AZD-1775, a drug that inhibits the G2–M cell-cycle checkpoint gatekeeper WEE1 kinase, has been used in multiple trials studying the treatment of lymphoma, ovarian cancer, and adult glioblastoma (Matheson et al., 2016; Wishart et al., 2017). Another drug, Axitinib, a selective vascular endothelial growth factor receptor (VEGFR) inhibitor, is under investigation in different clinical trials for various cancer types (i.e., NCT02129647; NCT03494816; NCT03472560). Moreover, four other drugs i,e., BMS-777607, PF-04217903, R-406, and Isotretinoin are reported to have positive effects in different solid tumor cancer types in different studies (Wishart et al., 2017; Zou et al., 2012; Ghotra et al., 2015; Hong et al., 1990).
1.3. Proposing Drugs that Simulate Disease Pathway Signatures
While we have initially focused on the drugs with the most negative correlation scores, we also anticipated a potential utility for drugs showing positive correlations. Well-characterized drugs with high positive correlation scores can provide information about how pathways or targets could be implicated in the molecular basis of the disease. Hence, as an extended application, the workflow may be used additionally as a prioritization tool to identify drugs that could be potentially employed to generate in-vitro or in-vivo models. By investigating the correlation scores (Figure 2), researchers can readily identify drugs that could be used for this purpose. Our workflow predicted induction of disease pathway signatures for Pevonedistat in diabetes mellitus, Alvocidib in Crohn's disease, and Entinostat and panobinostat in systemic lupus erythematosus (SLE) through very high positive correlation scores in addition to their broad coverage of affecting disease pathways. We see the need for further investigations of all the drugs with both high positive correlation scores and a high percentage of affected pathways for their use in potential disease model development.

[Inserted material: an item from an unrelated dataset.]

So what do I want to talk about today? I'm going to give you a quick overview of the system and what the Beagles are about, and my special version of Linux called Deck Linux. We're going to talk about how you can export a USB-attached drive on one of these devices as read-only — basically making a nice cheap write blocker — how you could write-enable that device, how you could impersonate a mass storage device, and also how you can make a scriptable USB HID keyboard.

Figure 2: Combined scatter plots of the drug’s correlation scores against affected pathways (%) in each disease. The relative number of target pathways affected by the drug in the disease context is plotted along the x-axis and correlation scores on the y-axis. Drugs in the top-right corner of the plot might be interesting for developing in vitro disease models since this group of drugs shows positive correlation scores, covering a broad range of the affected pathways. The circles represent drugs and the color coding indicates their respective disease indication, as shown at the bottom.